JPMorgan Chase & Co. is paying US$920 million in penalties and admitting wrongdoing over a $6 billion trading loss last year that tarnished the bank’s reputation.
Regulators said Thursday that the largest U.S. bank failed to properly supervise traders in its London operation, allowing them to assign inflated values to trades and cover up losses as they ballooned. Two of the traders are facing criminal charges of falsifying records to hide the losses.
The combined amount JPMorgan is paying the three U.S. regulators and the U.K. Financial Conduct Authority adds up to one of the largest fines ever levied against a financial institution.
The Securities and Exchange Commission fined the bank US$200 million and required it to admit wrongdoing. The Federal Reserve Board imposed a US$200 million penalty, while the Office of the Comptroller of the Currency set a US$300 million fine.
The British regulator fined the company US$220 million.
New York-based JPMorgan called the settlements “a major step” in its efforts to put its legal problems behind it. The bank said it co-operated fully with all of the agencies’ investigations and continues to co-operate with the Justice Department in its criminal prosecution of two former JPMorgan traders in the London office.
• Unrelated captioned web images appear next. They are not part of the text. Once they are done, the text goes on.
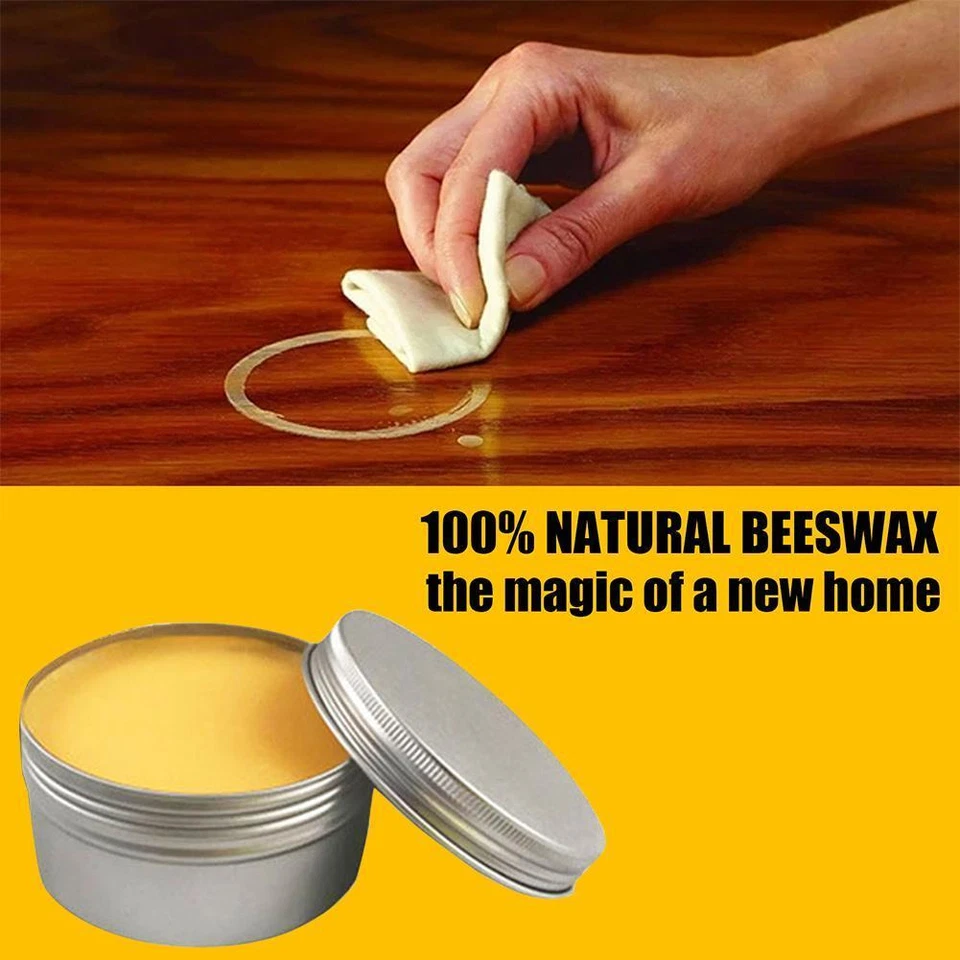 MARKENLOS Beeswax- Furniture Polish Wood Seasoning Beewax- Natural Wax Tradit'' W4B4 T1W1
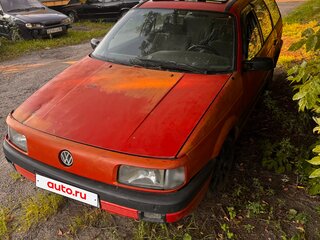 1989 Volkswagen Passat B3, красный, 90000 рублей, вид 1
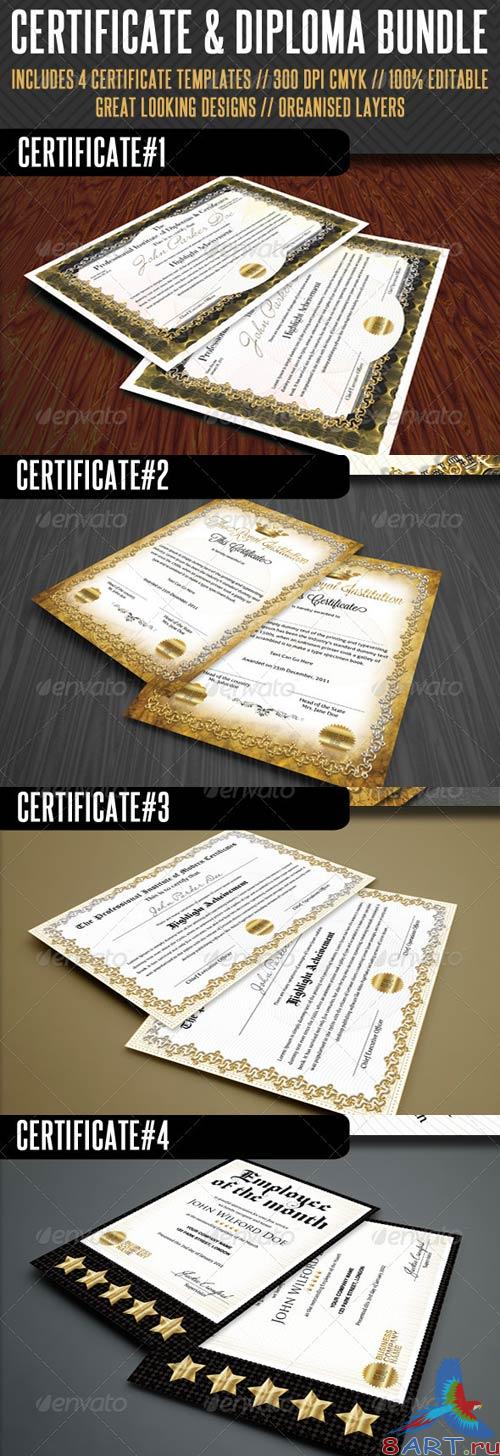 GraphicRiver Premium Certificate Bundle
“We have accepted responsibility and acknowledged our mistakes from the start, and we have learned from them and worked to fix them,” JPMorgan CEO Jamie Dimon said in a statement. “We will continue to strive towards being considered the best bank – across all measures – not only by our shareholders and customers, but also by our regulators.”
The announcement of the fines came a few days after the five-year anniversary of the onset of the financial crisis. The huge loss at JPMorgan raised concern about continued risk-taking by Wall Street banks and questions of whether the financial industry had learned the lessons of the meltdown.
As part of the settlement, the SEC required a rare admission of wrongdoing on the part of JPMorgan, acknowledging that it violated the securities laws in failing to keep watch over the traders. That was a departure from the SEC’s longstanding practice of allowing most companies and individuals agreeing to deals to neither admit nor deny wrongdoing.